In South Carolina, there were 414 fatalities at the hand of speed-related crashes in 2018. So far in 2019, there have been 240, which will hopefully continue to trend downward.


Speeding is the most common traffic-law violation – outnumber all other traffic violations combined. In 2017, speeding killed 9,717 people in the U.S., accounting for more than a quarter of all traffic fatalities, which is down from accounting for one-third of all fatalities in the past 20 years.


Speeding results in a high number of fatal crashes because there is less time to react or distance to use to respond to danger ahead. Our reaction times – about 1 second for most motorists – don’t speed up just because we are driving faster.


Most motorists speed to get somewhere quicker or because they’re running late, however AAA finds that speeding will barely reduce your travel time and is nowhere near worth the risks. AAA breaks down how much time it takes to make a 30-mile trip at different speeds:

  • 55 miles per hour = 32.7 minutes
  • 65 miles per hour = 27.7 minutes (5 minutes saved)
  • 75 miles per hour = 24 minutes (8.7 minutes saved)


So, if you drive 20 miles per hour over the speed limit the entire time of your 30 mile trip, you will only save yourself 8.7 minutes, but you will have put your life and the lives of everyone else on the road in danger the entire way. And this is if you travel at a consistent speed, with no traffic or signals. The average time saved on a 5-mile trip, driving 65 on a 45 mph posted road is only 1.9 minutes.
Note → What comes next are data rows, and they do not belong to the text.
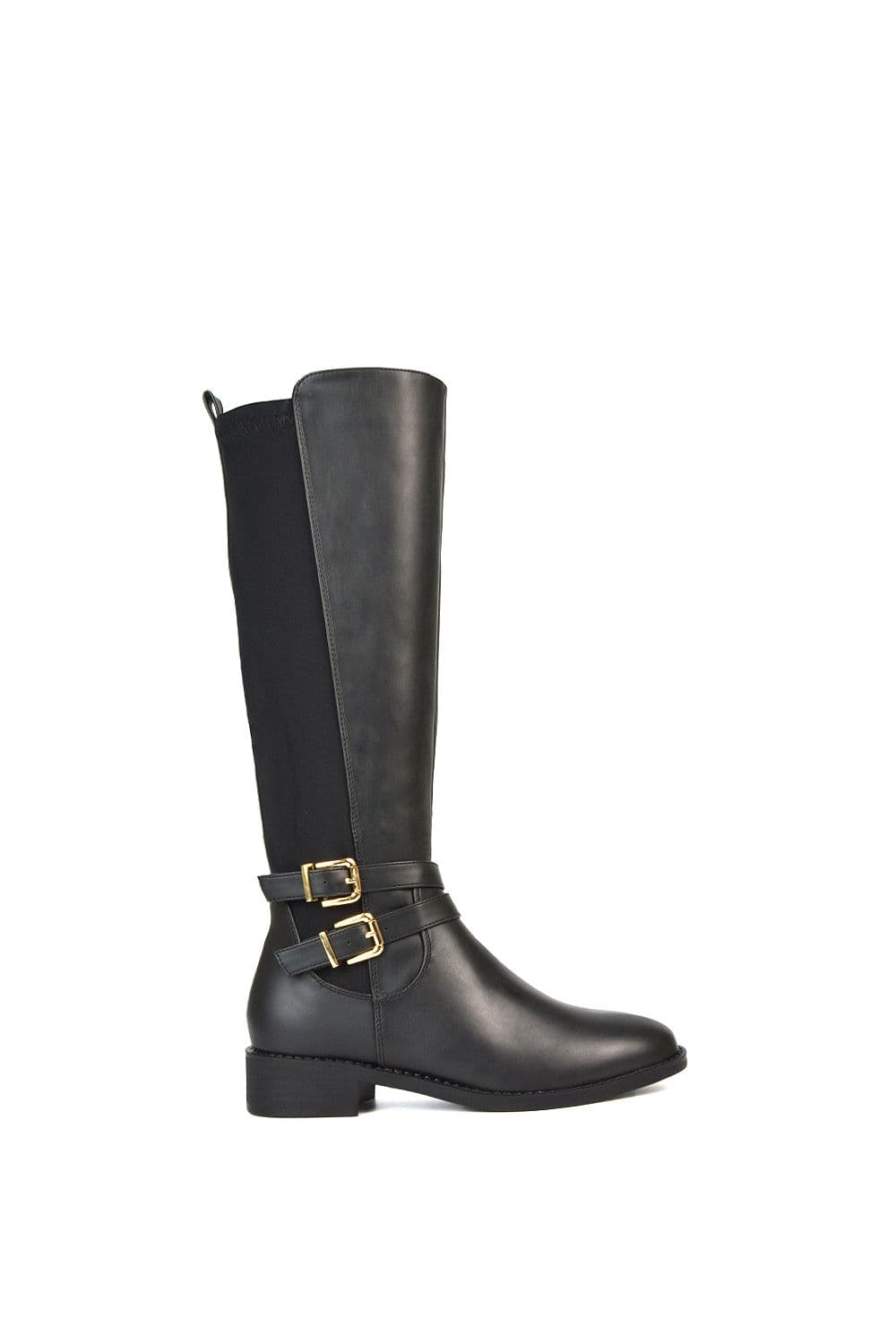 XY London Women's 'Charlie" Flat Heel Zip Up Knee High Stretchy Boots With Buckle in Black | Size: 5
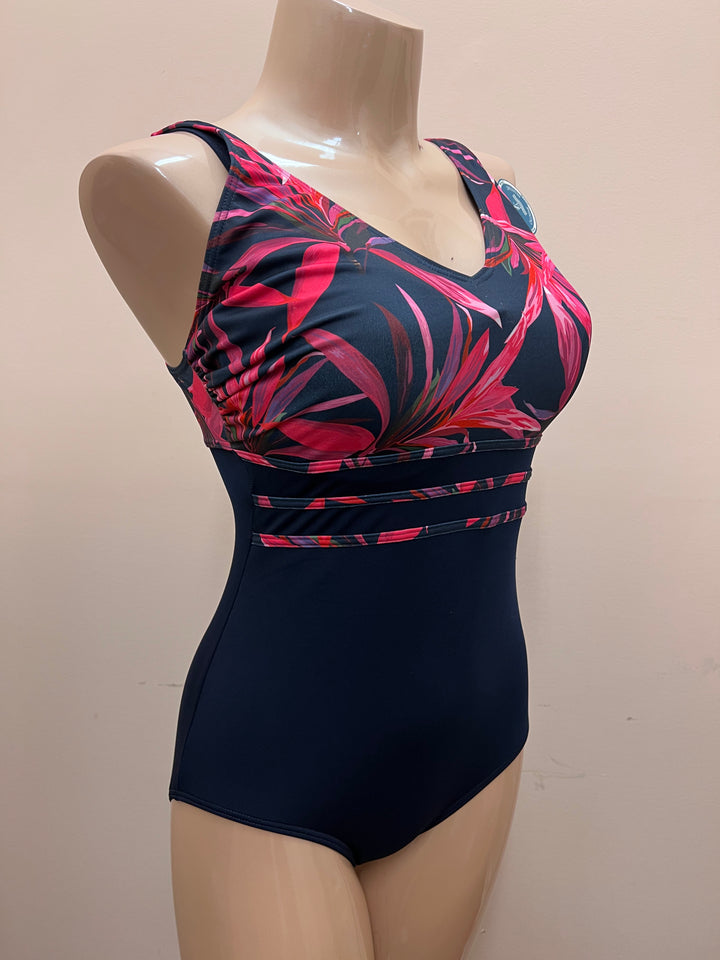V Front Polyester 1 Piece Swimsuit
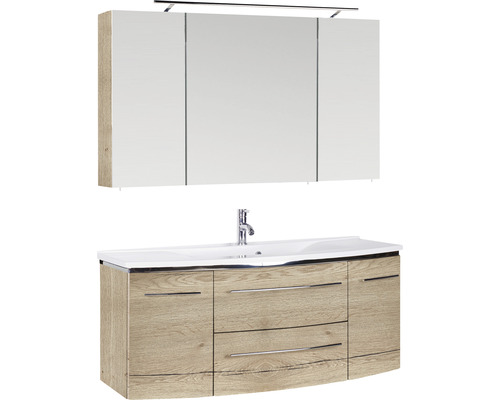 Waschtischkombination mit Spiegelschrank und Waschbecken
Tips to avoid a driver that is speeding:

  • If you are in the left lane and someone wants to pass, move over and let them by.
  • Give speeding drivers plenty of space. Speeding drivers may lose control of their vehicle more easily.
  • Adjust your driving accordingly. Speeding is tied to aggressive driving. If a speeding driver is tailgating you or trying to engage you in risky driving, use judgment to safely steer your vehicle out of the way.
  • Call the police if you believe a driver is following you or harassing you.